### Entries taken from a collection
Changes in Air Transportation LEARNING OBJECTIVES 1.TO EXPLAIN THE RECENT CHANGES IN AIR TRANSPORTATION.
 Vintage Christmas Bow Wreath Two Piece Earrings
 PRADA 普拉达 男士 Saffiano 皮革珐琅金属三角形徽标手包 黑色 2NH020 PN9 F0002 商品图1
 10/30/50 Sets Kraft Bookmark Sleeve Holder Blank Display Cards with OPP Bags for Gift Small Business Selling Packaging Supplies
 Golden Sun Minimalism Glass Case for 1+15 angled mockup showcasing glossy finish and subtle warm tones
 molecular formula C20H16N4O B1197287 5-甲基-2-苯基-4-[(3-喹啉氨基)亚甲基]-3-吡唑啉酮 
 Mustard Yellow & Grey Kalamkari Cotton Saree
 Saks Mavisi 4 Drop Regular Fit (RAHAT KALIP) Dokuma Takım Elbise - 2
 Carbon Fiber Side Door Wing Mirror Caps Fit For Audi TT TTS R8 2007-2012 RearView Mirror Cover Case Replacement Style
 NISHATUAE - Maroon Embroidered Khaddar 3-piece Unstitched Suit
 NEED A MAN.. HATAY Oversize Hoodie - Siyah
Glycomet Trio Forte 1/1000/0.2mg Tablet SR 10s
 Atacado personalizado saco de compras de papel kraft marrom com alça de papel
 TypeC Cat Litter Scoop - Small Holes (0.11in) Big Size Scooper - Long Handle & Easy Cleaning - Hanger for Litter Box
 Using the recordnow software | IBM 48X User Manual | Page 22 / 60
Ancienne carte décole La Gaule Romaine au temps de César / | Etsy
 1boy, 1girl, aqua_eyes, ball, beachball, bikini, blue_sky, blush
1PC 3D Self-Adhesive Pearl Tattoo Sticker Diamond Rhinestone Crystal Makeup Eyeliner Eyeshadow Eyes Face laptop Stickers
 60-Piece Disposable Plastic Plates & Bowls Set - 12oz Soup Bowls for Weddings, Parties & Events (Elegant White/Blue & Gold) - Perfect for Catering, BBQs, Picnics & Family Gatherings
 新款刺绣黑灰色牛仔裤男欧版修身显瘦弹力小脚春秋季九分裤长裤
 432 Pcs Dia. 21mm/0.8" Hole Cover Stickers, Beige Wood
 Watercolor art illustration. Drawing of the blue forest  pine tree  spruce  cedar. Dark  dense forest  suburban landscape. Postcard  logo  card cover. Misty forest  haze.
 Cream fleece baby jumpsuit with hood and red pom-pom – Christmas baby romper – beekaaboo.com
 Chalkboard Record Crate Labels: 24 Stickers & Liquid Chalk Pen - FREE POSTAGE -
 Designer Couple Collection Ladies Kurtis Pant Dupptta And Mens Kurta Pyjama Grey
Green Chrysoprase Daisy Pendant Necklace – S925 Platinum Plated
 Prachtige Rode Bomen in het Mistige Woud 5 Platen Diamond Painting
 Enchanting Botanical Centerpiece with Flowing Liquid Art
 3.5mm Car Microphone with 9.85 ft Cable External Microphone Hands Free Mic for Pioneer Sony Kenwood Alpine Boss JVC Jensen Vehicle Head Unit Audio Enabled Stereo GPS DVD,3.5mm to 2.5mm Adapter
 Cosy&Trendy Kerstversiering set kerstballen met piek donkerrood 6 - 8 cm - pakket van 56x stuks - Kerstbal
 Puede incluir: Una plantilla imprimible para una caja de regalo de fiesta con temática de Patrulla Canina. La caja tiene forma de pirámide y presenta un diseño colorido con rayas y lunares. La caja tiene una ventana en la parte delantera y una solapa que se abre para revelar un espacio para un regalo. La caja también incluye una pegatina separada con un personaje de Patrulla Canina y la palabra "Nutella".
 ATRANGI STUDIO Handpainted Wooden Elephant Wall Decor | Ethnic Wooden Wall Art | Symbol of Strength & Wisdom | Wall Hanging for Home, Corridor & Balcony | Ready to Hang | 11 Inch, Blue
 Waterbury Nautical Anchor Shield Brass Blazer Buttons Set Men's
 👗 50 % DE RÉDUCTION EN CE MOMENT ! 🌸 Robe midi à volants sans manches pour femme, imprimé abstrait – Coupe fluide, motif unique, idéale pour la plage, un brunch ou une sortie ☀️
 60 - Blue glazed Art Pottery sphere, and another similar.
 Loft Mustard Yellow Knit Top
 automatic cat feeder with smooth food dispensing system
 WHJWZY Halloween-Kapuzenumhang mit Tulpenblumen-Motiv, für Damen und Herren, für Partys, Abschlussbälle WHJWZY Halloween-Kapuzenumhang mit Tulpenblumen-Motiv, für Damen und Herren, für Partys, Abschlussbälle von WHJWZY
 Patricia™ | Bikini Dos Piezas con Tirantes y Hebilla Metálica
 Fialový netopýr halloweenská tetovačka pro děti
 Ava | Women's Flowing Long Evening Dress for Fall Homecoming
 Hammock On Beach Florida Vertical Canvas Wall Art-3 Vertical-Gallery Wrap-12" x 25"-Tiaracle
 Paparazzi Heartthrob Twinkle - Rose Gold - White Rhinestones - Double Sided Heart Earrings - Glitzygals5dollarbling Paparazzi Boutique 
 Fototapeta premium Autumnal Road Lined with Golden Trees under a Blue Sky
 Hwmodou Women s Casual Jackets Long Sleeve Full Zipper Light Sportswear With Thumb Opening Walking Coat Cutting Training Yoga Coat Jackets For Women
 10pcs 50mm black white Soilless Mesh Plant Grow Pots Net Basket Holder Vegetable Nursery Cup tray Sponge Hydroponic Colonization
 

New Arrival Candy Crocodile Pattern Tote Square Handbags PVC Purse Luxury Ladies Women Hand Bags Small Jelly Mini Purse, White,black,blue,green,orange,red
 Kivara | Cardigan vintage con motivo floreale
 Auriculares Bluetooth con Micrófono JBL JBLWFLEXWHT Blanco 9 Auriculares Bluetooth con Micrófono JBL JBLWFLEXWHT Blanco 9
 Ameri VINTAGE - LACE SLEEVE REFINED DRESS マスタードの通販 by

### EXERCISE
When a line of the records holds the word "Wall", copy that line.

### EXERCISE RESPONSE
 ATRANGI STUDIO Handpainted Wooden Elephant Wall Decor | Ethnic Wooden Wall Art | Symbol of Strength & Wisdom | Wall Hanging for Home, Corridor & Balcony | Ready to Hang | 11 Inch, Blue
 Hammock On Beach Florida Vertical Canvas Wall Art-3 Vertical-Gallery Wrap-12" x 25"-Tiaracle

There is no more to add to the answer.